The .htaccess file's main purpose is to enable you to make a configuration change on a per-directory basis instead of a per-server basis. If you place some
configuration directives in a text file named .htaccess
file and place it in a certain directory, those directives will apply to that directory and its subdirectories only. Note that you can include any directive you may place in an .htaccess file in the main configuration file, httpd.conf itself, by using the <Directory> container. You use .htaccess files mainly to allow users without root access to alter the Apache Server configuration, albeit on a limited basis.

Note that there are disadvantages to using the .htaccess file for configuring the Apache server. For one thing, your Web server will take a performance hit, because Apache must look in every directory for potential .htaccess files when you enable .htaccess
files by using the AllowOverride option (more on this directive later). For example, if you place an .htaccess
file in the /www/htdocs/example directory, Apache must look for the .htaccess file in each of these locations:

  /.htaccess
  /www/.htaccess
  /www/htdocs/.htaccess
  /www/htdocs/example/.htaccess

Each time a document is requested, the Apache server must load the .htaccess file as well, thus hurting its performance.
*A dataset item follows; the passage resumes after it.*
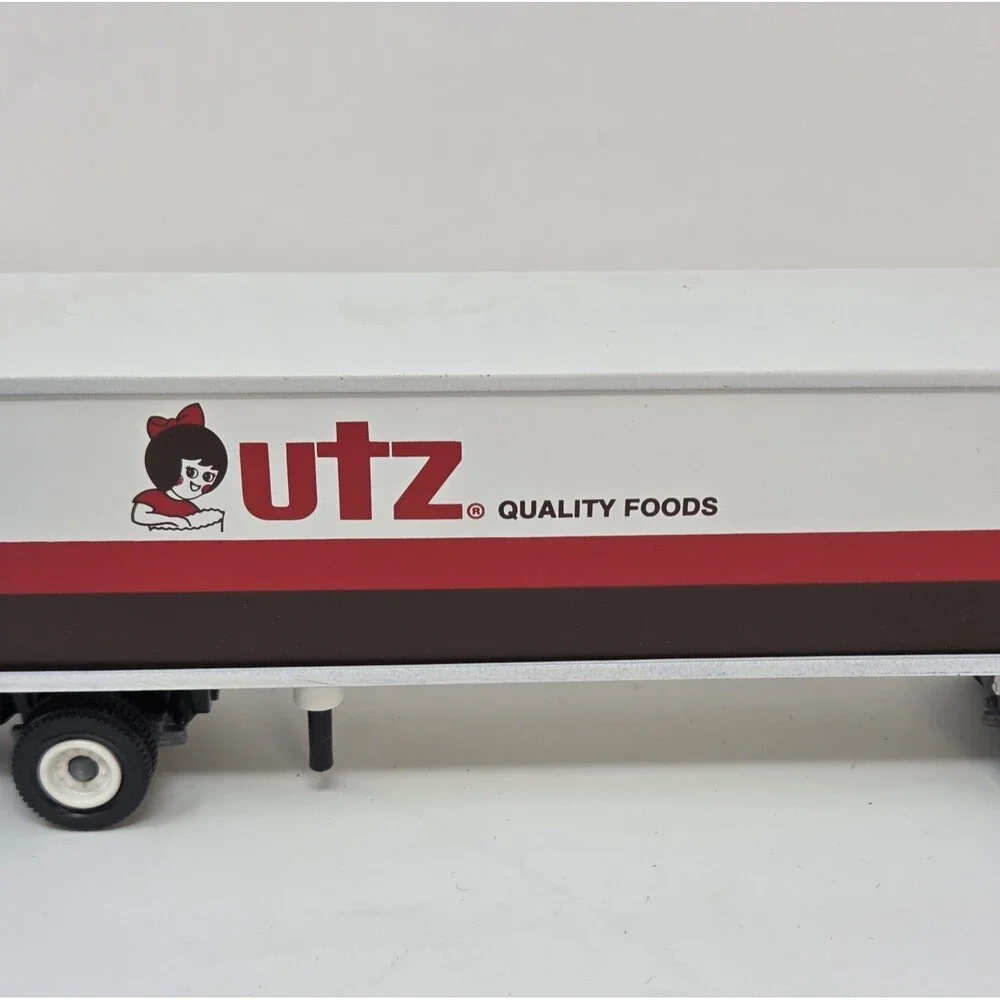UTZ Quality Foods‎ Promo FORD CL9000 SEMI-TRUCK TRAILER Winross Diecast 10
In addition to the performance implications, there are security issues when you allow users to use .htaccess files to configure the server. Basically, you are relinquishing some control over the Web server to the users. To avoid this, you may just put the directives in the <Directory> section of your main httpd.conf file and avoid the use of the .htaccess files altogether. For example, the following two are equivalent ways of specifying the AddType directive, the first using the .htaccess file and the second using the <Directory> container.

Using the .htaccess file:

  AddType text/example .exm

Using the <Directory> section in the httpd.conf file:

  <Directory /www/htdocs/example>
  AddType text/example .exm
  </Directory>

Thus, from both the security point of view as well as the performance angle, .htaccess files are not a good choice for setting per-directory directives. You can use the directory container in the httpd.conf file itself, to set the per-directory scoped configuration directives. .htaccess files are mainly used to allow users limited privileges to modify certain OHS server configuration directives, without the involvement of the Web server administrator. In this sense, they do serve a valid purpose. However, when you allow users to specify OHS configuration directives, remember that you're introducing potential security vulnerabilities into your system as well. Because the OHS server has to scan all the directories and subdirectories when you use . htaccess files, theres a potential performance hit.